Title: Online Allocation with Concave and Convex Objectives
Kalen Patton
Ph.D. Candidate
Algorithms, Combinatorics, and Optimization
School of Mathematics
Date: Thursday May 7, 2026
Time: 01:00pm EDT
Location: Klaus 1116 Seminar Room
Committee
Dr. Sahil Singla, Advisor, School of Computer Science, Georgia Institute of Technology
Dr. Mohit Singh, Reader, School of Industrial & Systems Engineering, Georgia Institute of Technology
Dr. Cheng Mao, School of Mathematics, Georgia Institute of Technology
Dr. Santosh Vempala, School of Computer Science, Georgia Institute of Technology
Draft of Thesis: https://sites.gatech.edu/kpatton33/thesis
Abstract
Online allocation problems model scenarios in which an unknown sequence of requests arrives one at a time, and each request must be immediately satisfied upon arrival by assigning it to one of m agents. The goal for such problems is to find an allocation to optimize some objective such as minimizing cost or maximizing welfare. Such problems arise frequently in real-world settings where decisions must be made without knowledge of the future, including cloud computing (allocating incoming jobs to servers), online advertising (allocating ad slots on a webpage among advertisers) and humanitarian aid (allocating finite relief resources as needs arise).

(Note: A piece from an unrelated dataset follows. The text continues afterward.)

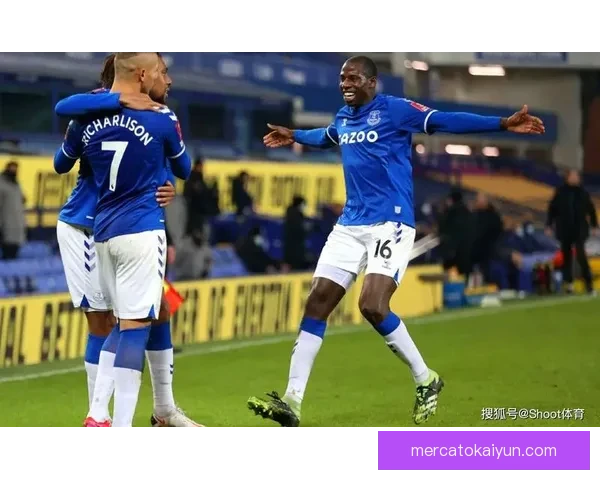 奥雷利恩·楚阿梅尼状态回暖，近期表现稳健引发关注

In practice, the objectives we seek to optimize may be complex to account for problem-specific notions of utility and fairness, so a natural aim of online optimization research is to design flexible algorithms which can perform well in a wide range of settings. Foundational work on online allocation problems often establishes algorithms which are provably good approximations of the optimal assignment in hindsight, but only for certain well-structured settings. More recent work over the last two decades has begun to extend such algorithms beyond classical problems, but such extensions are often limited in scope and involve problem-specific techniques, leading to a patchwork understanding of such problems. In this thesis, we seek to develop a more comprehensive theory of online allocation problems, motivated by the following overarching question:
Can we design general-purpose algorithms for online allocation problems that are approximately optimal across many applications?
We examine this question in two main areas: maximization problems with concave objectives (e.g., online bipartite matching, resource allocation and welfare) and minimization problems with convex objectives (e.g., load balancing, scheduling and covering problems). For maximization problems, we develop new primal-dual tools for fractional matching and resource allocation which allow unified algorithms for many previously disjoint settings. For minimization problems, we develop new methods for optimizing various convex and norm objectives, leveraging key structural properties of such functions to obtain new results for problems such as load balancing, set cover, and facility location.